José Angel 08.05.05 at 7:59 am

“I like Shakespeare”, “Terry Pratchett is great”, there’s love of literature for you. End of discussion. If you want KNOWLEDGE about literature, then I’m sorry, there’s no bypassing criticism, and scholarship, and theory… not that everyone needs them, of course. Just as you don’t need to understand neurology to open your eyes and see. But would you go around saying “oh we can see all right, so that neurological stuff is all meaningless babble”? Well, maybe you would…


anon 08.05.05 at 11:47 am

Jos angel, I assume you are making reference to my comment above. Odd — particularly odd since you are decrying the failure of standards in education — that you have misquoted it when it is right in front of you. I clearly stated that Terry Pratchett is cheesy bilge. There is no comparison whatsoever to the works of the godlike Bill Shakespeare.

However, intelligent persons resent being told what their standards should be. And neither Bill nor his classic pals ultimately require anybody’s help, they’re that good. So I conclude it’s best to let youth read whatever they wish and find their own paths to the mountaintop.


andrew 08.05.05 at 12:41 pm

You want to teach kids neurology in high school?


DLacey 08.05.05 at 5:18 pm

My guess is, rhetoric (for the writing well in various styles) and pleasure reading (for the enjoyment of literature) courses would satisfy.

In my own case those were two of my favorites (the former in college, the latter in middle school) so I have to agree :) Would have been nice to get the rhetoric earlier so it would’ve stuck better (my writing isn’t great now as you see from this comment).

On the other hand I liked my 12th grade Humanities course which was “intro to canon” as far as that went (Shakespeare, Giotto, Hume, Dante, Camus, bunch of other (mostly) dead white guys), too.


Mark Bahnisch 08.05.05 at 10:25 pm

It turns out that the curriculum covers the canon after all. The Minister might have been too swift to react to op/ed criticism.


Wrong 08.07.05 at 7:56 pm

“What I’d like for my kids to get out of high school English is an ability to write well in a variety of modes and (if possible) a love of literature.”

Clearly, it would be nice if children came out of secondary school English lessons with a love of literature; but I’m not sure that’s a goal you can use to build a curriculum. What would, say, a history curriculum intended to stimulate ‘a love of history’ look like, or a maths curriculum based on similar goals?

Surely, the point of a literature curriculum should be to teach children how literature works – how certain ways of writing produce certain effects, why a piece of writing might be written in one way rather than another, and how they can apply these ideas to things they read. I don’t know if the critical literacy courses actually taught these things or not, but the general idea of teaching the theory of criticism in literature classes strikes me as just obviously right. If that’s not what you’re teaching, what’s the point of the classes?
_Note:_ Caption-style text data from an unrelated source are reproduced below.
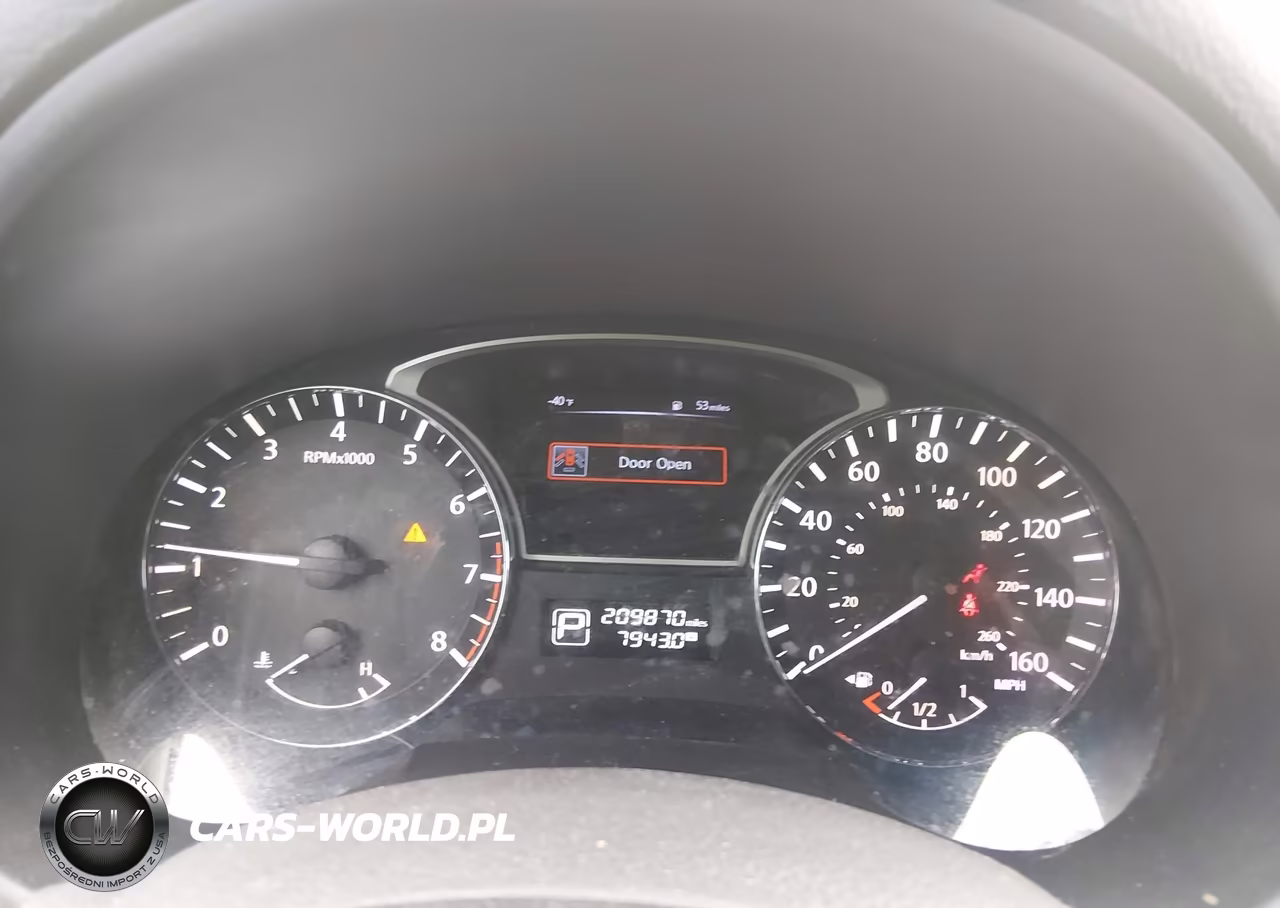 2015 Nissan Altima 2.5 S VIN:1N4AL3AP7FN304064 - 7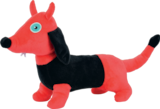 Peluche Diable - FITR + FUN en promo chez Maxi Zoo Peluche Diable - FITR + FUN dans le catalogue Maxi Zoo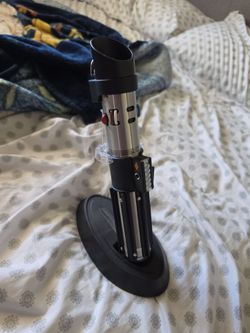 Darth Vader Lightsaber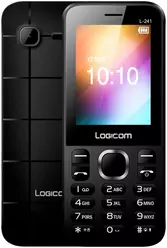 Galeria zdjęć telefonu Logicom L-241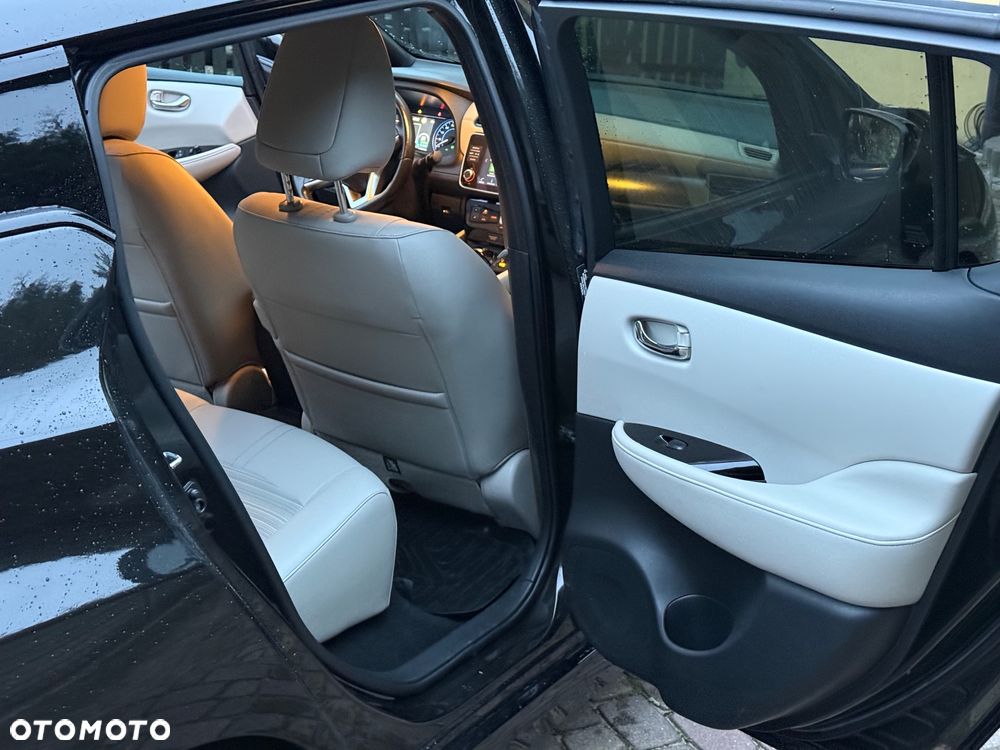 Nissan Leaf 40kWh 3.Zero Limited Edition - 18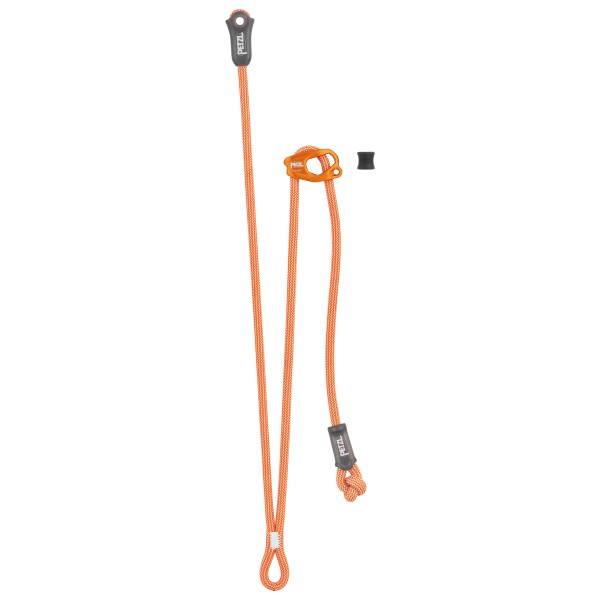 Petzl - Dual Canyon Guide - Standplatzschlinge Gr One Size weiß von Petzl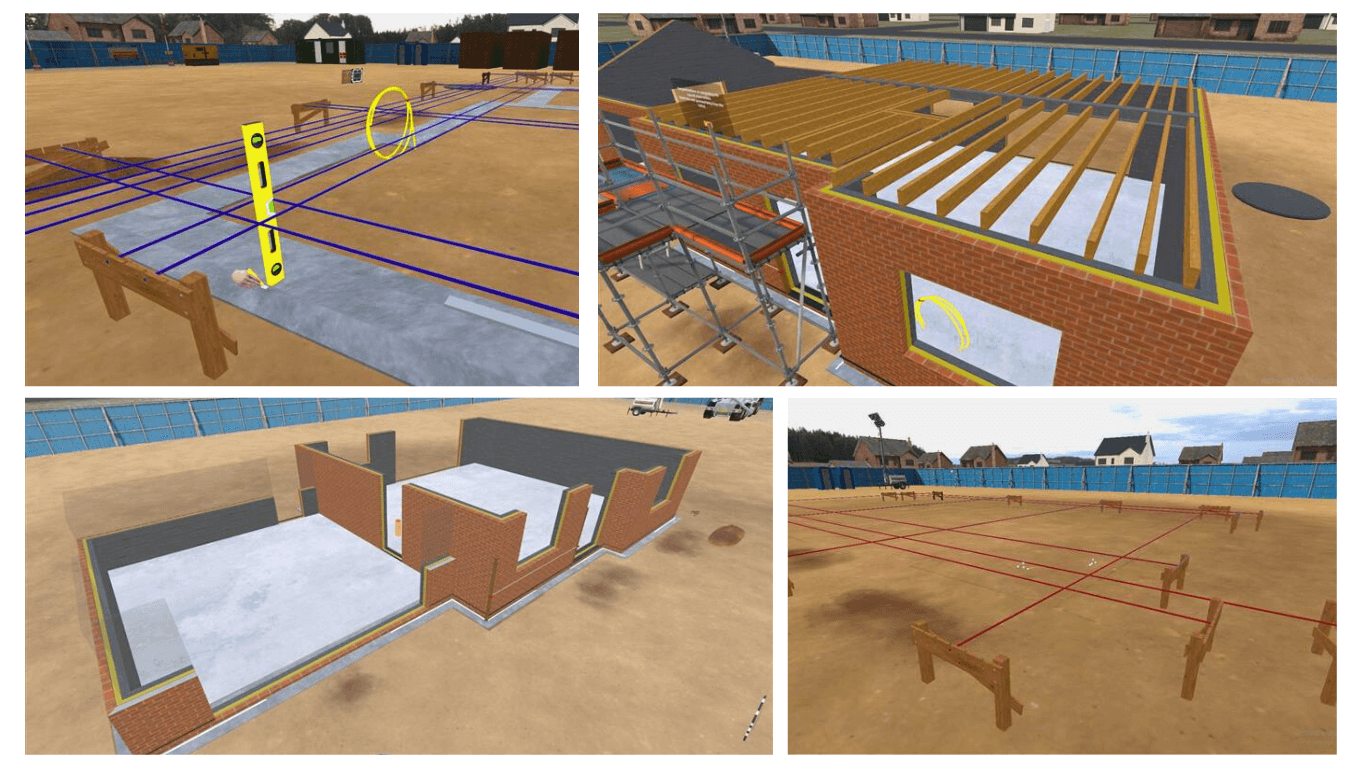 VR Constructor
I say this as someone who wasn’t taught about criticism at school and, thinking back, remembers English classes as an absolute waste of time. We were invited to read books and comment on them, with no reflection as to what sort of comment might be useful. If you want children to love literature, just give them some free time to read books. Teaching them about literature is surely something else entirely.


John Quiggin 08.08.05 at 1:40 am

Part of my point is that high school English ought not to be (primarily) a course in “literature”. I see no reason for making literature per se a compulsory subject when art, music, mathematics and science are not. The justification for making English compulsory is that people need to be competent users of their own language. Literature (in the usual sense) is part of that, but only part.